> **WHAT YOU NEED TO DO**
In this exercise, the entries below are to be transcribed exactly, line by line.

> **PROVIDED RECORDS**
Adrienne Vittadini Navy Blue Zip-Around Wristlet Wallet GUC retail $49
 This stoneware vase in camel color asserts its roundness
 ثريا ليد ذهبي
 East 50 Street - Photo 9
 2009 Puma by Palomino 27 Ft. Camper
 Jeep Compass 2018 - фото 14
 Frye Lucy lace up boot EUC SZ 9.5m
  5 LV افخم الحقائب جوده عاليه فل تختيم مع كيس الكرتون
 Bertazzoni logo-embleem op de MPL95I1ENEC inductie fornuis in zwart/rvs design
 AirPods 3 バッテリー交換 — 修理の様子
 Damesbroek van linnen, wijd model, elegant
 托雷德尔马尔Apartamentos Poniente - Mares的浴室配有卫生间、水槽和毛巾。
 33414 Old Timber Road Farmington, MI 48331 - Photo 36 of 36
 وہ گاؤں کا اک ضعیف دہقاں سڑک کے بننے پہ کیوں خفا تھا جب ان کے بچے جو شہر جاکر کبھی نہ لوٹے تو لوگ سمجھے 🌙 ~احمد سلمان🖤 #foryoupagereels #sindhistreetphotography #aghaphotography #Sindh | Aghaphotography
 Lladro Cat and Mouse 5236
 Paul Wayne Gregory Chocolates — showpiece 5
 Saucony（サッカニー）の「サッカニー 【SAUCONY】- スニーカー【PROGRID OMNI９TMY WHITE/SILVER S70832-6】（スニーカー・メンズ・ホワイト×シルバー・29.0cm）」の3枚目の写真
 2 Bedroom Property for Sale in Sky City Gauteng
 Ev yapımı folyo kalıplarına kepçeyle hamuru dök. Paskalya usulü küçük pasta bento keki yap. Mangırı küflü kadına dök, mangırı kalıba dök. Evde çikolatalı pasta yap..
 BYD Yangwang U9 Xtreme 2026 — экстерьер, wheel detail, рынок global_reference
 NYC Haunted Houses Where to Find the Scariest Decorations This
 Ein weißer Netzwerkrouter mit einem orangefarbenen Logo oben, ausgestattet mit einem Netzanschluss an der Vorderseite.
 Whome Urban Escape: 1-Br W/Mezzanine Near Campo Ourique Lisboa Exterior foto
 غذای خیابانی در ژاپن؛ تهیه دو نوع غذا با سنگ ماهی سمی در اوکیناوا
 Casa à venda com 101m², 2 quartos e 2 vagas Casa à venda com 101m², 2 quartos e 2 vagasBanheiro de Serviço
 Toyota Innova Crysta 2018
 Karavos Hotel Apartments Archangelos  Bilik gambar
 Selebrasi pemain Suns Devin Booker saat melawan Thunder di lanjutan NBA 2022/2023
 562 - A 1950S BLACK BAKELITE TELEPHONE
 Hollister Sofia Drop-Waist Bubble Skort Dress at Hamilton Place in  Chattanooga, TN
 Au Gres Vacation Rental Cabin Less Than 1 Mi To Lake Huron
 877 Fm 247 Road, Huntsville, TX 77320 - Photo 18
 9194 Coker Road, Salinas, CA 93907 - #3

> **ANSWER SPACE**
Adrienne Vittadini Navy Blue Zip-Around Wristlet Wallet GUC retail $49
 This stoneware vase in camel color asserts its roundness
 ثريا ليد ذهبي
 East 50 Street - Photo 9
 2009 Puma by Palomino 27 Ft. Camper
 Jeep Compass 2018 - фото 14
 Frye Lucy lace up boot EUC SZ 9.5m
  5 LV افخم الحقائب جوده عاليه فل تختيم مع كيس الكرتون
 Bertazzoni logo-embleem op de MPL95I1ENEC inductie fornuis in zwart/rvs design
 AirPods 3 バッテリー交換 — 修理の様子
 Damesbroek van linnen, wijd model, elegant
 托雷德尔马尔Apartamentos Poniente - Mares的浴室配有卫生间、水槽和毛巾。
 33414 Old Timber Road Farmington, MI 48331 - Photo 36 of 36
 وہ گاؤں کا اک ضعیف دہقاں سڑک کے بننے پہ کیوں خفا تھا جب ان کے بچے جو شہر جاکر کبھی نہ لوٹے تو لوگ سمجھے 🌙 ~احمد سلمان🖤 #foryoupagereels #sindhistreetphotography #aghaphotography #Sindh | Aghaphotography
 Lladro Cat and Mouse 5236
 Paul Wayne Gregory Chocolates — showpiece 5
 Saucony（サッカニー）の「サッカニー 【SAUCONY】- スニーカー【PROGRID OMNI９TMY WHITE/SILVER S70832-6】（スニーカー・メンズ・ホワイト×シルバー・29.0cm）」の3枚目の写真
 2 Bedroom Property for Sale in Sky City Gauteng
 Ev yapımı folyo kalıplarına kepçeyle hamuru dök. Paskalya usulü küçük pasta bento keki yap. Mangırı küflü kadına dök, mangırı kalıba dök. Evde çikolatalı pasta yap..
 BYD Yangwang U9 Xtreme 2026 — экстерьер, wheel detail, рынок global_reference
 NYC Haunted Houses Where to Find the Scariest Decorations This
 Ein weißer Netzwerkrouter mit einem orangefarbenen Logo oben, ausgestattet mit einem Netzanschluss an der Vorderseite.
 Whome Urban Escape: 1-Br W/Mezzanine Near Campo Ourique Lisboa Exterior foto
 غذای خیابانی در ژاپن؛ تهیه دو نوع غذا با سنگ ماهی سمی در اوکیناوا
 Casa à venda com 101m², 2 quartos e 2 vagas Casa à venda com 101m², 2 quartos e 2 vagasBanheiro de Serviço
 Toyota Innova Crysta 2018
 Karavos Hotel Apartments Archangelos  Bilik gambar
 Selebrasi pemain Suns Devin Booker saat melawan Thunder di lanjutan NBA 2022/2023
 562 - A 1950S BLACK BAKELITE TELEPHONE
 Hollister Sofia Drop-Waist Bubble Skort Dress at Hamilton Place in  Chattanooga, TN
 Au Gres Vacation Rental Cabin Less Than 1 Mi To Lake Huron
 877 Fm 247 Road, Huntsville, TX 77320 - Photo 18
 9194 Coker Road, Salinas, CA 93907 - #3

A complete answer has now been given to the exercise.